Please assume that the conductor of wire exists , and the current flows from below left to above right like shown in the above diagram.

As shown in the above diagram , the uniform magnetic fields are given .

I want to know the forces which act against the wire.

I tried to use the rule of Flemming left hand .

But this rule seemingly only be able to be used as an angle between a magnetic field and a current , is a right angle .

I know the below formula .

$$\boldsymbol{f}= l \left( \boldsymbol{I}\times\boldsymbol{B} \right)$$

Hence, the below is held .

$$\Vert \boldsymbol{f} \Vert = l \cdot \left(\Vert \boldsymbol{I} \Vert \cdot \Vert \boldsymbol{B} \Vert \cdot \sin^{}\left(\theta_{} \right) \right)$$

Just simply applying the above equation of magnitude can easily obtain the magnitude of total force which acts against the wire however how can I obtain the direction of the force vector?
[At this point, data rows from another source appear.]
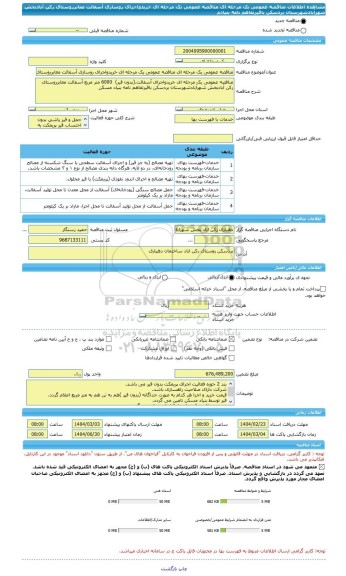 مناقصه، مناقصه عمومی یک مرحله ای مناقصه عمومی یک مرحله ای خریدواجرای روسازی آسفالت معابرروستای رکن آبادبخش شهرآبادشهرستان بردسکن باقیرتفاهم نامه بنیادم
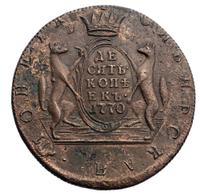 10 копеек 1770 года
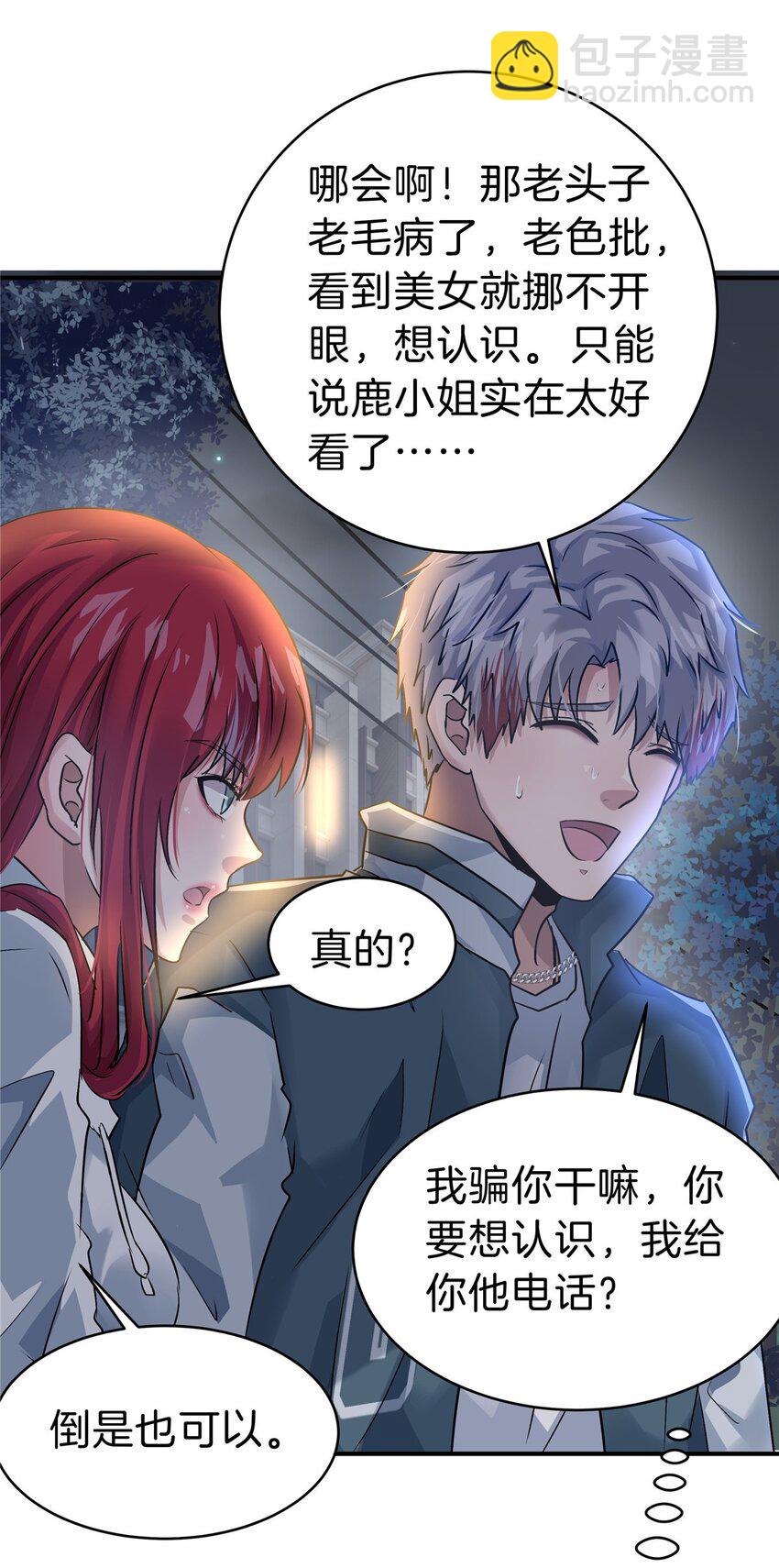 96 偷大嫂-第96话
I think the directions of it must be perpendicular against the directions of the magnetic fields but I don't know how to prove it so far.
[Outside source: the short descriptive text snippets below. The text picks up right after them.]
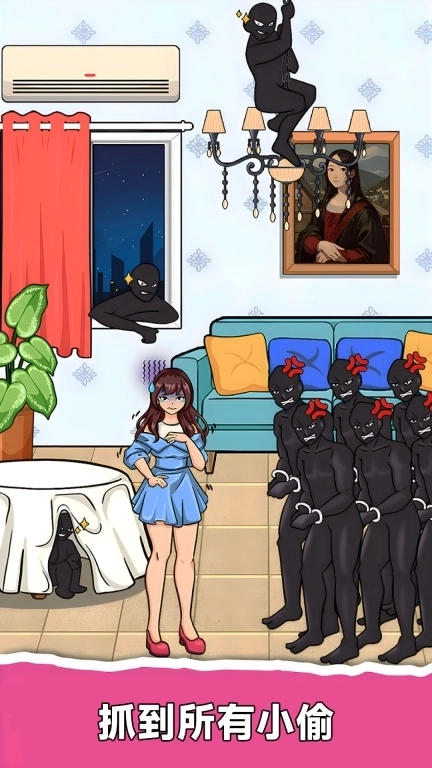 脑洞天才家-恶作剧挑战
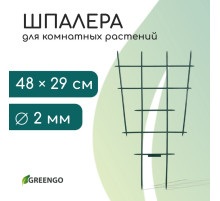 Шпалера, 48×29×0.2 см, пластик, зелёная, Greengo
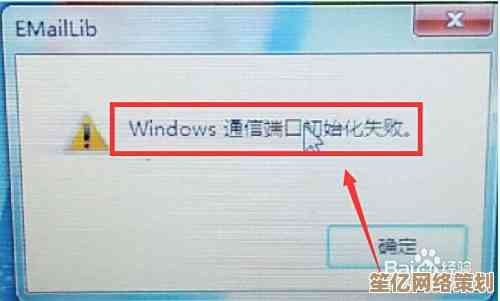 通信端口初始化失败？小鱼教您轻松解决难题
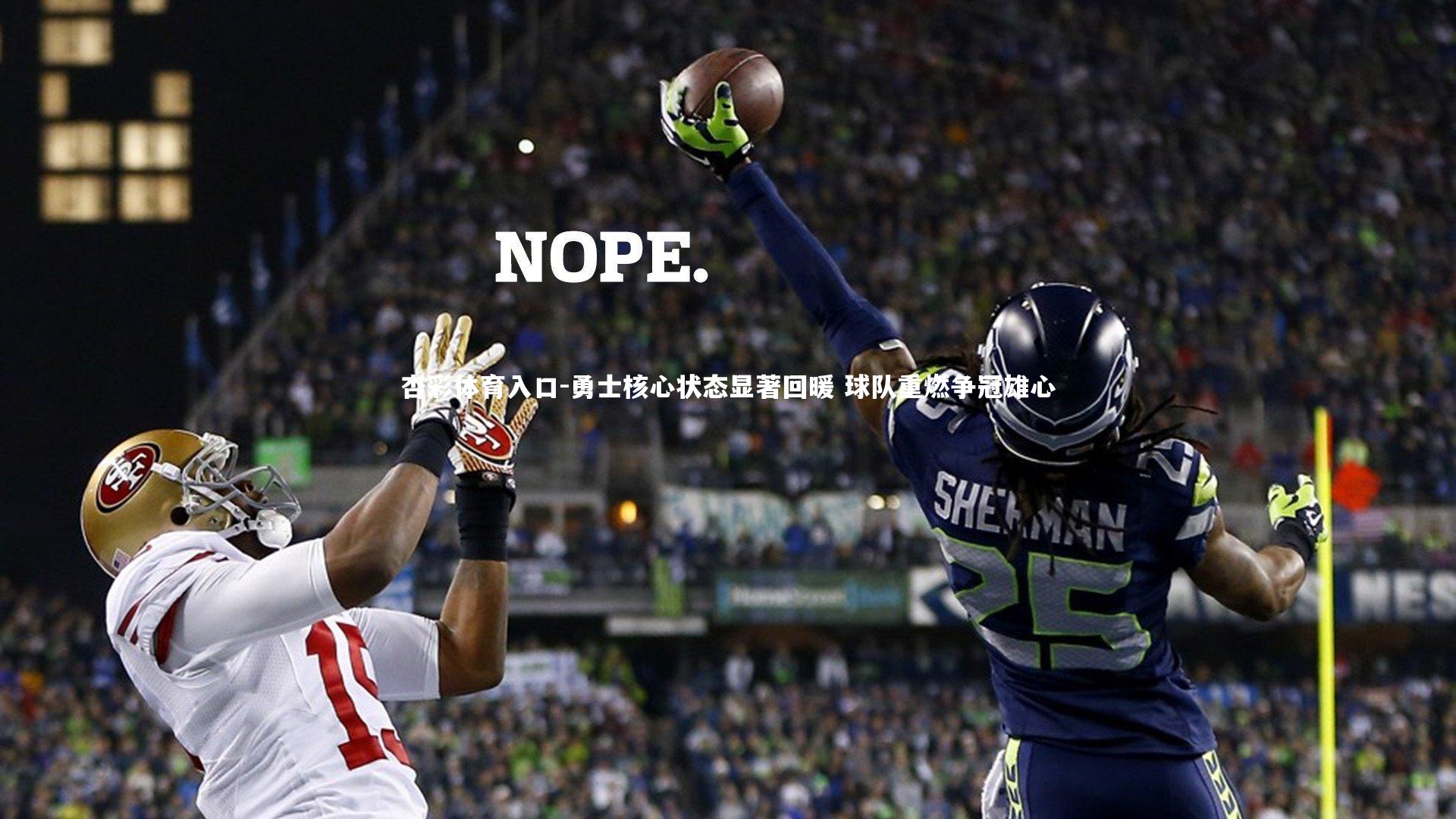 勇士核心状态显著回暖 球队重燃争冠雄心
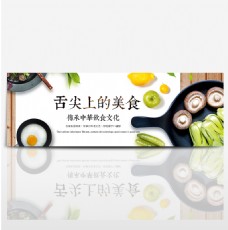 淘宝电商天猫食品食物美食海报banner模板设计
I looked the page of wikipidea of cross product and found the below image .

Cited it from here

Moreover how can I determine the vectors of forces as the directions of the magnetic fields are reversed?

• Why would you change to the second form of the equation and not stick with the vector form? Just use the vector form and all the magnitudes and directions pop out. Do you not understand how to directly work with dot and cross product where you don't convert it to a form that contains a cos or sin? Commented Aug 23, 2021 at 3:57
• efcms.engr.utk.edu/ef151-2019-08/m4/class-4-5/img/… Commented Aug 23, 2021 at 4:07
• Yes , I think I don't understand it so far. Commented Aug 23, 2021 at 4:48
• Yeah, I don't think you do. The conversion from vector for to magnitude form with trig functions is not the way the vectors are meant to be used. Leave it cross product form and treat it like a multiplication WHERE ORDERS MATTERS. treat i,j,k as variables (they are unit vectors with magnitude of 1 so do not change the magnitude when multiplied but have a direction associated with them). Commented Aug 23, 2021 at 4:50
• The order the multiplication happens matters according to the image I linked and when you multiply (cross) two unit vectors together, it turns into the third unit vector with an associated sign depending on the order. Commented Aug 23, 2021 at 4:54

$$\boldsymbol{ F }_{} = \boldsymbol{I}\times\boldsymbol{B}$$
$$d \boldsymbol{ F }_{} = I \left( d \boldsymbol{ s }_{} \times \boldsymbol{ B }_{} \right)$$